Once the PCH cuts inland, you go from rugged coastline to primordial old-growth forests. Hwy. 101 is a joy; I've driven it before in a car with my family. I have to say, though, that riding a motorcycle along the Avenue of the Gods (Hwy. 254) scenic byway through Humboldt Redwoods State Park was close to being a religious experience. By the time I pulled into Eureka for an overnight stay, I was a believer: this state was made for motorcycles. Day two was meant to be my chance to try out the legendary California Highway 36, with its 1,811 curves over 140 miles. Unfortunately, it had rained overnight and I pulled out of Eureka in a light drizzle. I trust my bike, my tires, and my skills, but I modified my route rather than taking any unnecessary risks on an unfamiliar stretch of road. As a result, I decided to stick with Hwy. 101 and ride a bit further north along the coast before turning inland and riding through Crater Lake National Park on my way to Bend, OR and a couple of days hanging out with friends.
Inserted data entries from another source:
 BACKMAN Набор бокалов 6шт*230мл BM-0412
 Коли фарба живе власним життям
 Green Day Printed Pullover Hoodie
My fourth day out from San Francisco was a relaxing ride north from Bend, Oregon to the Columbia River Gorge, then cruising along a stretch of the Historic Columbia River Highway from the Dalles and into the Portland area. I had a chance to stay overnight with friends and catch up, then I was off to the Seattle area. This time around, I spent a couple of days with friends checking out the local sights both on the Olympic Peninsula and within the Seattle metro area proper. Riding in this area is fantastic. The back roads on the Olympic Peninsula consist mainly of rolling, forested hills while Seattle is a very interesting urban area to ride around in. Highlights:
San Francisco, CA to Eureka, CA
Eureka, CA to Bend, OR
Bend, OR to Portland, OR
Portland, OR to Seattle, WA
3rd Leg: Seattle, WA to Minneapolis, MN -- 1,730 miles (2,780 km)
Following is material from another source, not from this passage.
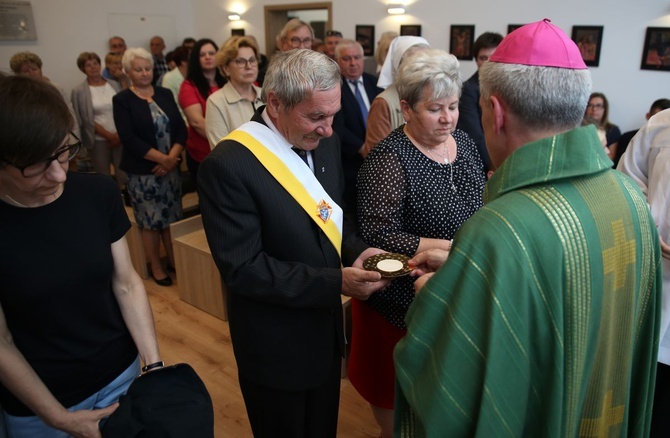 Dom dla bezdomnych w Jankowicach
The day before I started out, I was pretty sure I would be cutting it a bit close if I went ahead and tried for the Lolo Pass, but the more I looked at the route, and more I felt that I just couldn't stay away. I had a very cold 54ºF (12°C) start to the day, but it was over 100ºF (38°C) by the time I made it to the Idaho entrance of the Nez Perce Forest and the Northwest Passage Scenic Byway. The detour added about two hours and 100 miles to my ride, but it was worth it. The scenery through the canyons and over the Continental Divide into Helena, Montana is spectacular. My second-to-last day on the road was set to be a fast one; Montana is (in)famous for its relaxed approach to speed limits. I still wanted to avoid the Interstate and visit a few historical markers, so I started the day heading north to Great Falls, Montana before turning east for the long ride to Bismark, North Dakota. I was very thankful that I did. The canyons along I-5 as it follows the Missouri River between Helena and Great Falls were spectacular. My route from Great Falls east to the Glendive junction with I-94 turned out to be a perfect, nearly-deserted ribbon of two-lane blacktop slicing through 350 miles of rolling hills and open prairie. This was my last detour or highway change. From Glendive, I-94 would take me to my last overnight in Bismarck, North Dakota, then home the next day.
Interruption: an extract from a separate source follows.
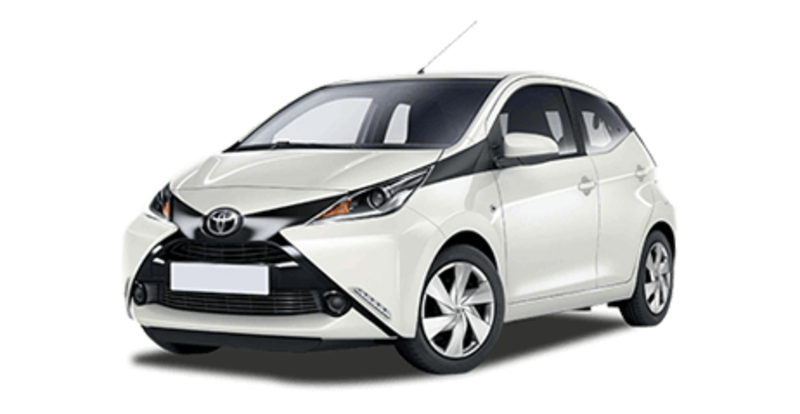 Cat B1 – Toyota Yaris | 1.1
The 400-mile ride from Bismarck to Minneapolis felt as though it took much less time than it seemed. Each of my planned days to and from the coast had meant putting down a minimum of 600 every day. With my customary morning departure time, I was back home by the middle of the afternoon on the final day of the trip. Pulling into the garage and walking into the house was almost anticlimactic after such an epic adventure.